My youngest niece, Little C, is a different story.
My sister, Little C’s mother, has gradually become more and more radically Christian. She is reaching the point where it is almost pathological, to be honest. I genuinely believe there are some delusions going on there. But my sister’s mental health is not what I wanted to talk about here.
Little C is now attending a religious school (one that teaches creationism as a valid alternative to evolution), and she attends one of those Buddy Jesus churches with her mother every week. The kind of church where they appropriate and repurpose popular music and people in the congregation wave their arms in the air with their eyes closed because they’re so moved by the spirit of Taylor Swift covers. (My sister, once hoping to convince me of how cool this church was, told me that they had used a Dave Matthews Band song in one of the services. I was mostly just irritated that they had sullied a perfectly good secular song with religion – and a song written by a professed agnostic, no less.)
In any case, my point is that Little C is being indoctrinated hard. Which, whatever. Hopefully she doesn’t internalize her mother’s delusions, but that would frankly be fairly innocuous compared to some of the other delusional beliefs my sister could pass on to her. And, like I said, I have no desire to challenge her beliefs, especially at this young age. The world can be big and scary when you’re little. If believing there is a supernatural force protecting her makes her feel more secure, I’m all for it.
But, I discovered this morning, my sister has also told Little C that I don’t believe in a god.
I went out to breakfast with my family this morning, and it had been a while since Little C and I had last seen each other, so she was glued to my side pretty much the entire time. Mostly she chattered and wanted to put on my lip gloss and play with my phone, but then at one quiet moment, she sidled up to me and laid her head on my shoulder, looking up at me with her giant brown eyes. “Why don’t you believe in God?” she asked me in a tiny voice.
I was blindsided by the question, and had no idea how to answer. I still have no idea. But she was clearly very troubled by my non-belief.
I said that there were a lot of reasons, but at a restaurant for breakfast wasn’t the time or place to talk about it. That, at least, should buy me a little time to figure out what to say, I thought.
But Little C wasn’t quite satisfied yet.
“Is it because you don’t know him?” she asked. The hope in her voice was heartbreaking. I could see the wheels turning in her head, and it was immediately clear that she wanted this to be the reason, because she could fix it if it was. She’s been going to Sunday school for years, and now she probably has daily religion lessons. She could introduce me.
“No, sweetie,” I said gently. “That’s not why.”
And to my relief, she let it drop.
But I know it’s going to come up again. And I’ve been thinking about it all day, and I keep coming up against the same obstacles.
My reasons for not believing are, at best, complicated. At worst, they are pretty fucking dark.
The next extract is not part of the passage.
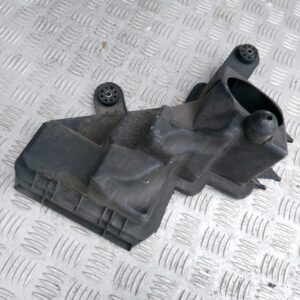 BMW 7 E65 E66 7500548 Obudowa na powietrze nieoczyszczone prawa 13717500548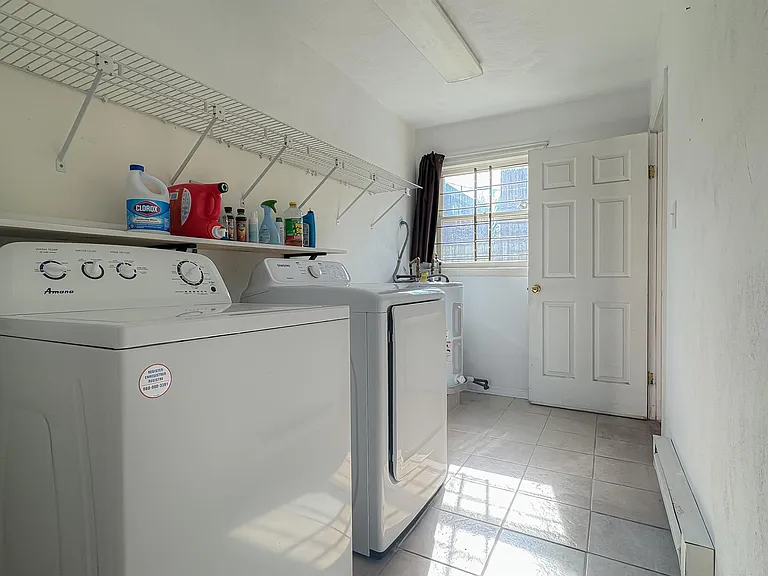 519 W 20th St #302 — Photo 39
How do you explain to a six-year-old that each person you worked with who was traumatized past the point of being able to live a functionally healthy life chipped away at your faith in a benevolent higher power? How do you explain to her the impossibility of reconciling a loving god with the knowledge that there are children born every day who will only know poverty and hunger and sickness and war for the entirety of their short and painful lives?
How do you explain to her how many nights you laid awake crying and begging a god who never answered for relief from the bewildering pain that took over your own body?
How do you explain to her that at a certain point, you had to accept the reality that either there was no one listening to your prayers, or that whoever was listening was indifferent to your pain, and if it’s the latter, then fuck him?
No, it isn’t because I don’t know God. It’s because life has led me to decide he’s not worth knowing.
I honestly hope her life never leads her to those conclusions.
So how could I ever be the one to point her in that direction?